§ **Available data**:
────────

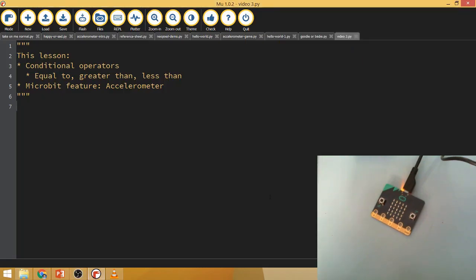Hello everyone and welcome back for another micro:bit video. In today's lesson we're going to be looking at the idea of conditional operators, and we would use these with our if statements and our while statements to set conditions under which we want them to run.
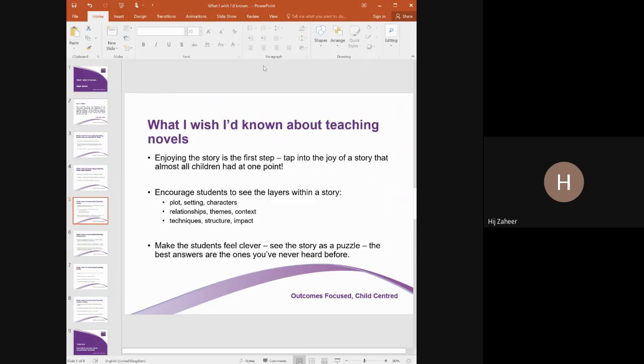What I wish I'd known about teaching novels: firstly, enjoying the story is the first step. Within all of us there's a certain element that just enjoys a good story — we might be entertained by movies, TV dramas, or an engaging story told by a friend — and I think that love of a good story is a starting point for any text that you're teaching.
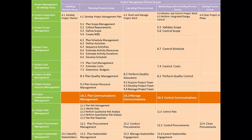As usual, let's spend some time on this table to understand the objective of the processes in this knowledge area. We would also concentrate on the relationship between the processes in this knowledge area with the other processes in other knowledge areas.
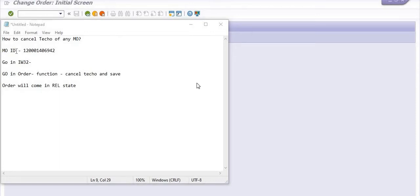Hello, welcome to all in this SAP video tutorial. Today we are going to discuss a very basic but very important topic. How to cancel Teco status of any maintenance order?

────────

§ **Exercise requirements**: Write out the data above exactly as it appears, but without any image.

§ **Answer to this exercise**:
Hello everyone and welcome back for another micro:bit video. In today's lesson we're going to be looking at the idea of conditional operators, and we would use these with our if statements and our while statements to set conditions under which we want them to run.
What I wish I'd known about teaching novels: firstly, enjoying the story is the first step. Within all of us there's a certain element that just enjoys a good story — we might be entertained by movies, TV dramas, or an engaging story told by a friend — and I think that love of a good story is a starting point for any text that you're teaching.
As usual, let's spend some time on this table to understand the objective of the processes in this knowledge area. We would also concentrate on the relationship between the processes in this knowledge area with the other processes in other knowledge areas.
Hello, welcome to all in this SAP video tutorial. Today we are going to discuss a very basic but very important topic. How to cancel Teco status of any maintenance order?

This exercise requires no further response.